The event itself doesn’t cost any WU since page events are client-side. Accompanying actions being triggered do though.

That’s quite a difference! I’m honestly not an the authority on GA these days, but I do know that with GDPR, cookie settings, ad blockers etc, the numbers are not as reliable as they used to be. Discrepancy is to be expected, but yes, 60x is pretty big.

As @ihsanzainal84 pointed out, there’s also a lot of unknowns in Bubble (such as page load not necessarily being counted just once for each user).

You could try setting up a page load event (make sure it doesn’t repeat on page load actions) and actually store a record of every visitor. That’ll give you at least a baseline of how many users are actually loading a page to “see” it once (real or bot). You’ll be spending a bit of workload for the learning of course, but might be worth it. You can also do this for some key workflows (or other pages) to learn more about what’s actually being triggered.

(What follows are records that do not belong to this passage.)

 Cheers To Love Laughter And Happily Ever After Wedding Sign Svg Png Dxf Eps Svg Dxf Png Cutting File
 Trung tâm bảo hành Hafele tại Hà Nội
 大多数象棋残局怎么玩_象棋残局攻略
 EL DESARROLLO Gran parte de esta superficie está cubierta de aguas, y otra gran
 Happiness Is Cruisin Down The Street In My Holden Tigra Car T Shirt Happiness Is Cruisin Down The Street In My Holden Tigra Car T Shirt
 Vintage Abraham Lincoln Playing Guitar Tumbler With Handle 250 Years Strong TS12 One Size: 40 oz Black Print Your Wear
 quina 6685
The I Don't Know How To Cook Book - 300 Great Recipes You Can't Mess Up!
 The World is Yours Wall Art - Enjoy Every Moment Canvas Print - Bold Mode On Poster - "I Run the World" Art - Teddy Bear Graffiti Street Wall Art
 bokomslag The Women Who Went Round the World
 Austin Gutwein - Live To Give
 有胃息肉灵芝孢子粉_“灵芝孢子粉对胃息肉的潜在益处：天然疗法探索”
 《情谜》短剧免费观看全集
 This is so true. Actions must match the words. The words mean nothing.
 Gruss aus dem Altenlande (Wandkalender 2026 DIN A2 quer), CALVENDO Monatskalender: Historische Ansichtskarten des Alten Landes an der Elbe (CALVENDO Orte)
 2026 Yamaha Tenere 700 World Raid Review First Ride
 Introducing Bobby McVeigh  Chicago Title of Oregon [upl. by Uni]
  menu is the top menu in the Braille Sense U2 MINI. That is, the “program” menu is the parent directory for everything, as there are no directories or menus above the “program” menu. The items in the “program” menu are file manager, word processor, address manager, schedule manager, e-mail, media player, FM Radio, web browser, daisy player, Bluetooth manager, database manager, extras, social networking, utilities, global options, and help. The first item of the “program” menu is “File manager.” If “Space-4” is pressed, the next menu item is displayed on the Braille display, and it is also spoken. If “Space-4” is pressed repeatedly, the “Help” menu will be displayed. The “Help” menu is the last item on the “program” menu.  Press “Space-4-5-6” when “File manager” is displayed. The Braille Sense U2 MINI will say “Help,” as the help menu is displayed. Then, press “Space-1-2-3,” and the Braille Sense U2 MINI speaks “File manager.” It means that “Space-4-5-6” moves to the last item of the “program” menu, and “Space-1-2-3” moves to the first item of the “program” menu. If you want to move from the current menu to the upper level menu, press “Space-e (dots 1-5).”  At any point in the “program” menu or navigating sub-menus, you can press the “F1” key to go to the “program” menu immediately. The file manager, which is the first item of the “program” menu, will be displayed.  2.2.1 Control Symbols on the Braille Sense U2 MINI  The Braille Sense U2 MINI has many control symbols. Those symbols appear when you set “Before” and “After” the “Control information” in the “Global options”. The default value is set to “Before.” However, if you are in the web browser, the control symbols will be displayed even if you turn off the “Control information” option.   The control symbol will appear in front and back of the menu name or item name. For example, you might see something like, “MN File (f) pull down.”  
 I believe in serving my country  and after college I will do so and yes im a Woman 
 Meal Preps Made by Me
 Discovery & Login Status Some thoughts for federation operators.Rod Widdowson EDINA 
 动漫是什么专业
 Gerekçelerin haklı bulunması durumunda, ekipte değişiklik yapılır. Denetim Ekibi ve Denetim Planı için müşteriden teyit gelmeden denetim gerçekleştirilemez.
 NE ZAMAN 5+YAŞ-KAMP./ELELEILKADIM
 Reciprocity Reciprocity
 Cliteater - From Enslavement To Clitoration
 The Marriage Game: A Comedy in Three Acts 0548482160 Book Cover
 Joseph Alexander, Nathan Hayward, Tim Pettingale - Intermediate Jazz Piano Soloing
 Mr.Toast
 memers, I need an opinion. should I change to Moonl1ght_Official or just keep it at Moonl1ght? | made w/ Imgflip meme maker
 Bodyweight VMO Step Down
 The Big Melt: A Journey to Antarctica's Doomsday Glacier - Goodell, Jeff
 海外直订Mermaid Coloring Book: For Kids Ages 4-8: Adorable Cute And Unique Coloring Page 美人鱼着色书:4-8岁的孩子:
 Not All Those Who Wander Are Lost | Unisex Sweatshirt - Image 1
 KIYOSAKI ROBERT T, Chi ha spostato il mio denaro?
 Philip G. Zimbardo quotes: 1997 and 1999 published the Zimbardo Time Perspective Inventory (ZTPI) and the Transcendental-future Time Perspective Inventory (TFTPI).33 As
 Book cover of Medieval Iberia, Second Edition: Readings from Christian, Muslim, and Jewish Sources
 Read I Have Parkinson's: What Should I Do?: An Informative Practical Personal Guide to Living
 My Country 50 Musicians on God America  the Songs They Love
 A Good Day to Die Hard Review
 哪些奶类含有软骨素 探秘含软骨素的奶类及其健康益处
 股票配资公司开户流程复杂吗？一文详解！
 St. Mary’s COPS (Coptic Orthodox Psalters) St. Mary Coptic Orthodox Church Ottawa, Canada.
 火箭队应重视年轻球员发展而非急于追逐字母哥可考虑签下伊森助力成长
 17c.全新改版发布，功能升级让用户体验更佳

Am I getting you right that the workload consumption is not necessarily the problem, but that you are confused by the number of users loading the page in the first place?

Thank you @petter . Well, the WU consumption is an issue if it’s eating up my monthly included WU units without a substantial “real” (customer) traffic. If I saw hundreds of visitors on the various pages I would be happy to see WU being spent for that, but if GA shows me only few visitors but Bubble Analytics counts thousands of page loads consuming WU, I’m not really happy. So I would say because of this difference which is a blackbox I am also concerned about the WU consumption…

Yeah, totally get that. My comment on WU was poorly phrased, so what I meant was that you could spend some extra WU “manually counting” page loads (perhaps trying to save some extra information like IP) with a workflow. I.e. create a log point for each page load (and make sure you don’t count “Go to page” within the same page).

That’ll give you a true baseline of how many times the page actually loads, with no room for inaccuracy.